The Super Cub floated and bumped along a couple thousand feet over white caps on the lake below. Wind drove clouds through the high passes of the mountain range to our right, with the peaks covered in fresh snow. The Cub yawed left with the quartering winds as we turned up a valley into a cleaner headwind. A sow brown bear with two cubs lunged across a gravel bar as if in slow motion before crashing into the water after spawning sockeye salmon. Farther up the valley I could see a small ridge running parallel with the barricade of peaks thousands of feet higher on each side. We swung around and settled into a shallow glide slope to land next to that ridge in a short and somewhat crooked airstrip cut into the willows and alders. One airplane width to the left and we crash into the ridge, to the right and we are in the brush, but everything looked good to me as I peaked over the pilot’s shoulder from the back seat. As our air speed drained and the plane descended, a gust of wind came over the top of the ridge and hit the airplane on top of its wings and we dropped into the brush just short of the strip. The big bush wheels blew through the brush and we popped out onto the strip and taxied the few short yards to where my guide, Cole Kramer, was repairing a broken tent pole with a piece of alder he had whittled down using the chopper he’d had built at Grizzly Forge. After five days of travel since leaving my home in Oregon, I was at moose camp.

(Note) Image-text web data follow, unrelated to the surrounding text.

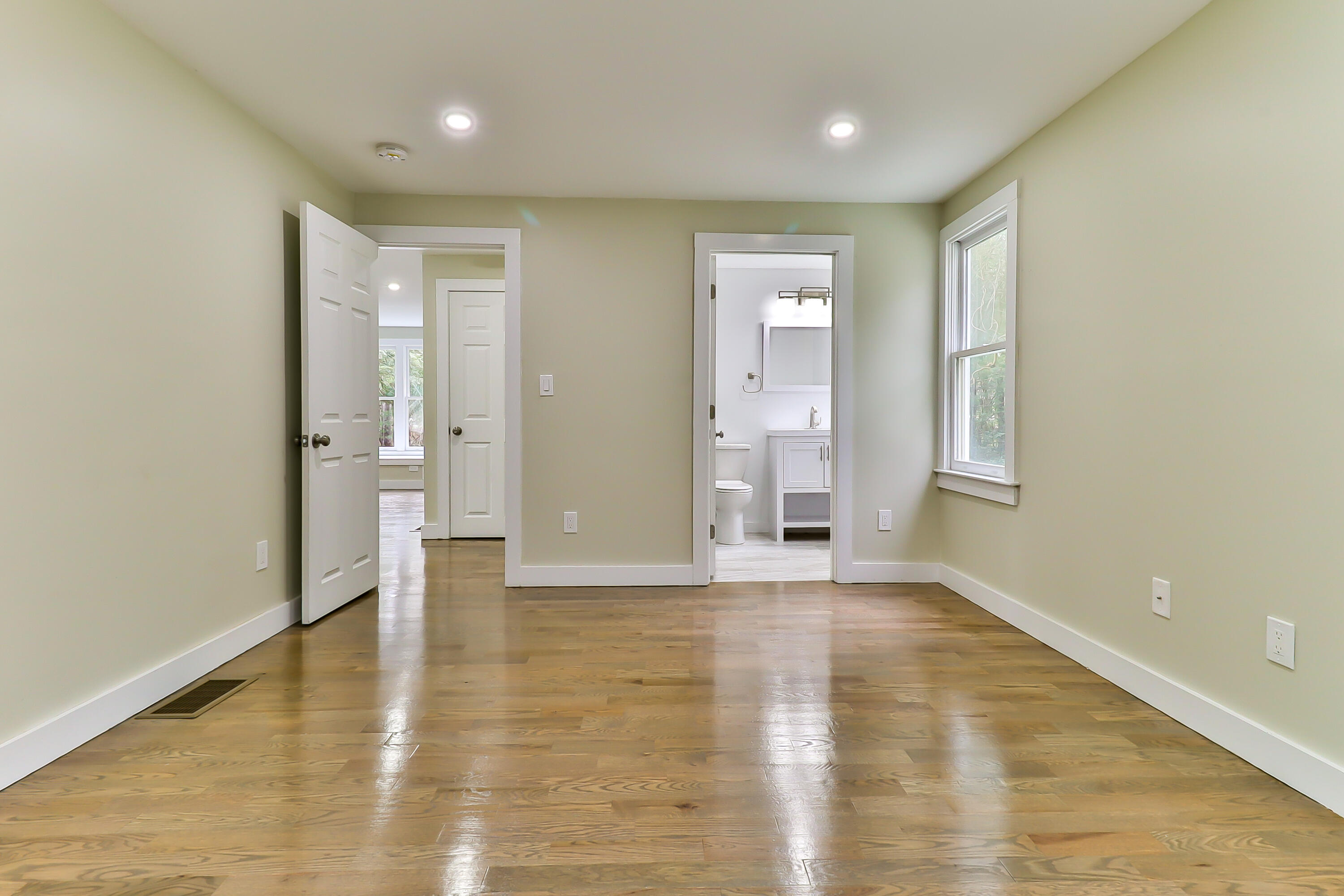40 Richardson Road Centerville, MA 02632 - Photo 15 of 35 a view of an empty room with wooden floor and a window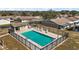 Community pool with chairs, bathrooms, and black metal fence at 30215 Tavares Ridge Blvd # 11, Tavares, FL 32778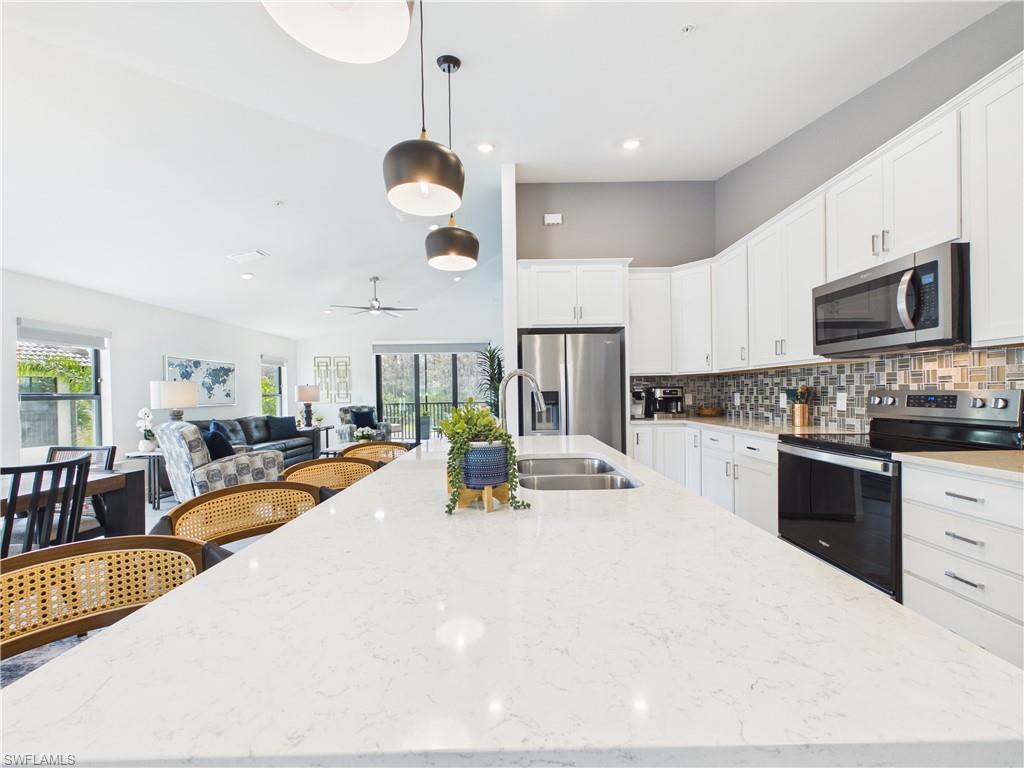 5683 Mayflower Way, Unit 908 Ave Maria, FL 34142 - Photo 9 of 37 Kitchen with stainless steel appliances, decorative light fixtures, white cabinetry, tasteful backsplash, and light stone countertops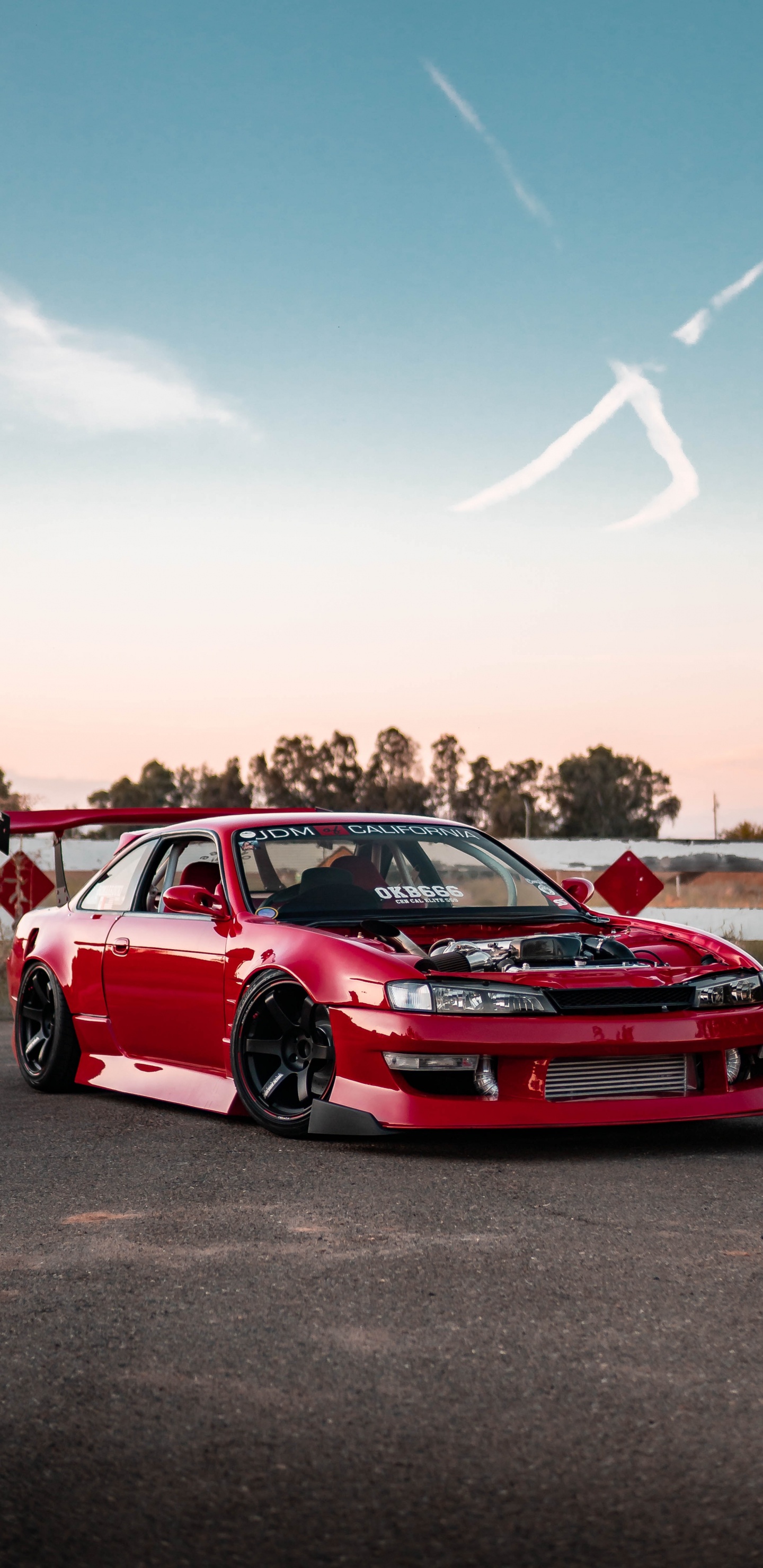 Red Chevrolet Camaro on Road During Daytime. Wallpaper in 1440x2960 Resolution
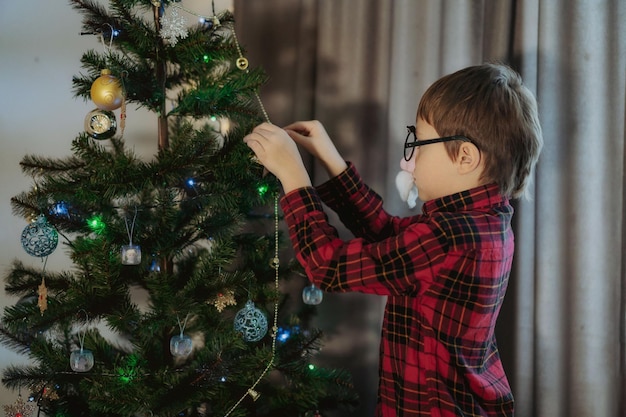 Menino caucasiano bonito decorando a árvore de Natal com decorações cintilantes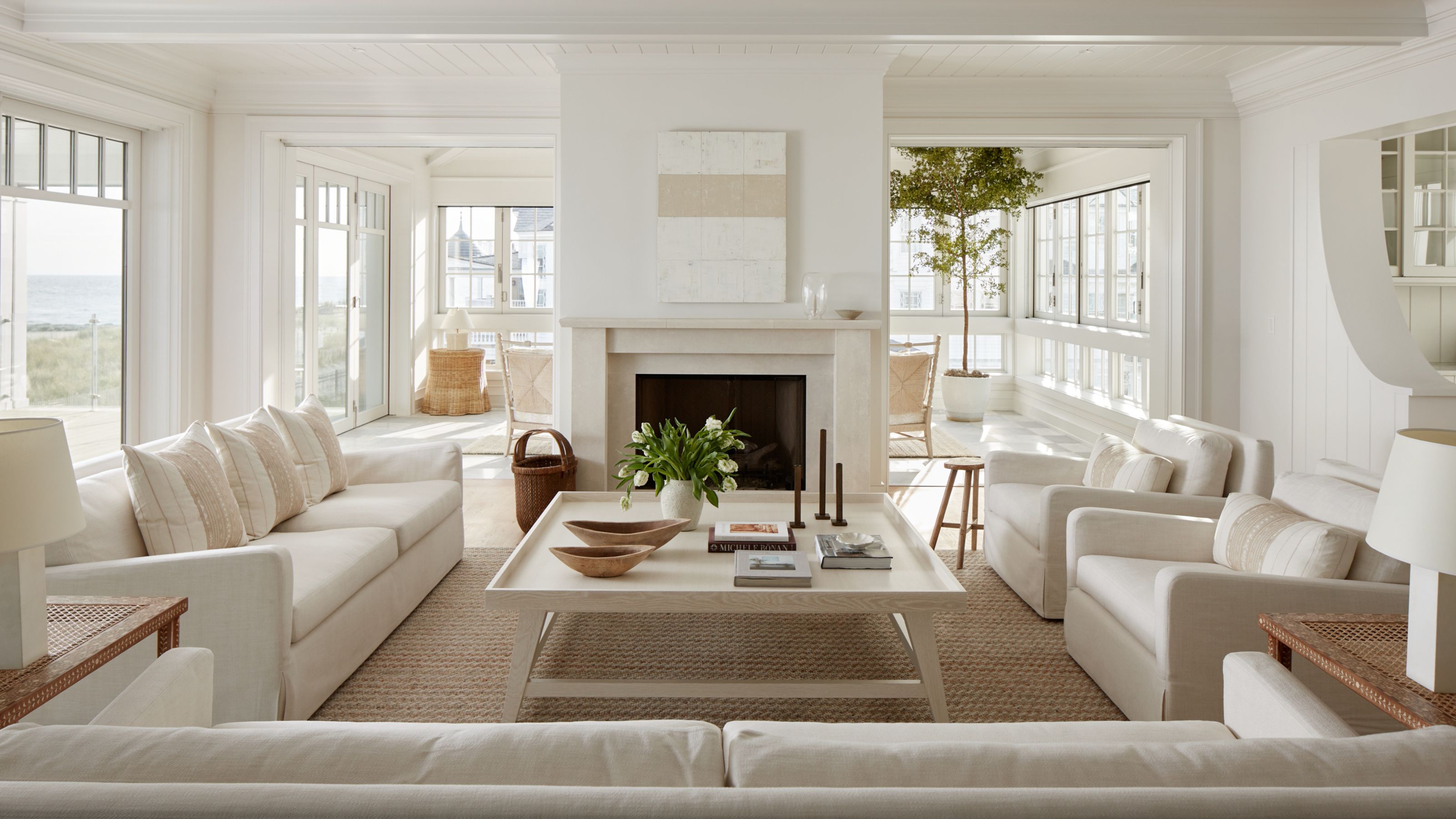 An expansive, light-filled living room featuring symmetrical cream sofas, a large square coffee table, and a central stone fireplace. The space is anchored by a natural jute rug and offers views of a sunroom and the coast through large windows.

Hunting Alaska is a massive logistic challenge. The expanse of the place is hard to understand. If one were to drive from the Salty Dawg Saloon on the Homer spit to a less famous bar in Prudhoe Bay on the north shore of the state, that would take 21 hours, without stops. Most of the state simply does not have roads. Jet boat trips for moose up the Yukon river commonly go over 800 miles, one way. Bush planes with huge tundra tires or floats are a common mode of transport and pilots have pushed the envelope to the edge and beyond, learning where they can land and take off, and the lessons are written in twisted aluminum wreckage on mountains and lakes and tundra throughout the state.
I started in NE Oregon and drove to a hotel near a regional airport four hours away in Washington state to spend the night. Commercial flights which take off early in the morning are less likely to get delayed and therefore are more likely to deliver you AND your baggage to the destination on time. The next morning before sunrise I was eagerly sitting on the plane and bouncing around airports until finally landing at Anchorage where I would meet the rest of our team. We spent the night there, transferred rifles into soft cases, and loaded out hunting packs so we’d be ready to go at a moment’s notice. A weather check at 0600 the next morning looked positive so we convoyed with Ubers and taxis to another small airport where we weighed in ourselves and our gear. The destination was a remote portion of the Alaska peninsula, which is the long curving volcanic arm extending into the Aleutian Islands towards Russia. With the Bering Sea above and the North Pacific below, the thin peninsula of jagged peaks is among the most volatile weather locations in the world.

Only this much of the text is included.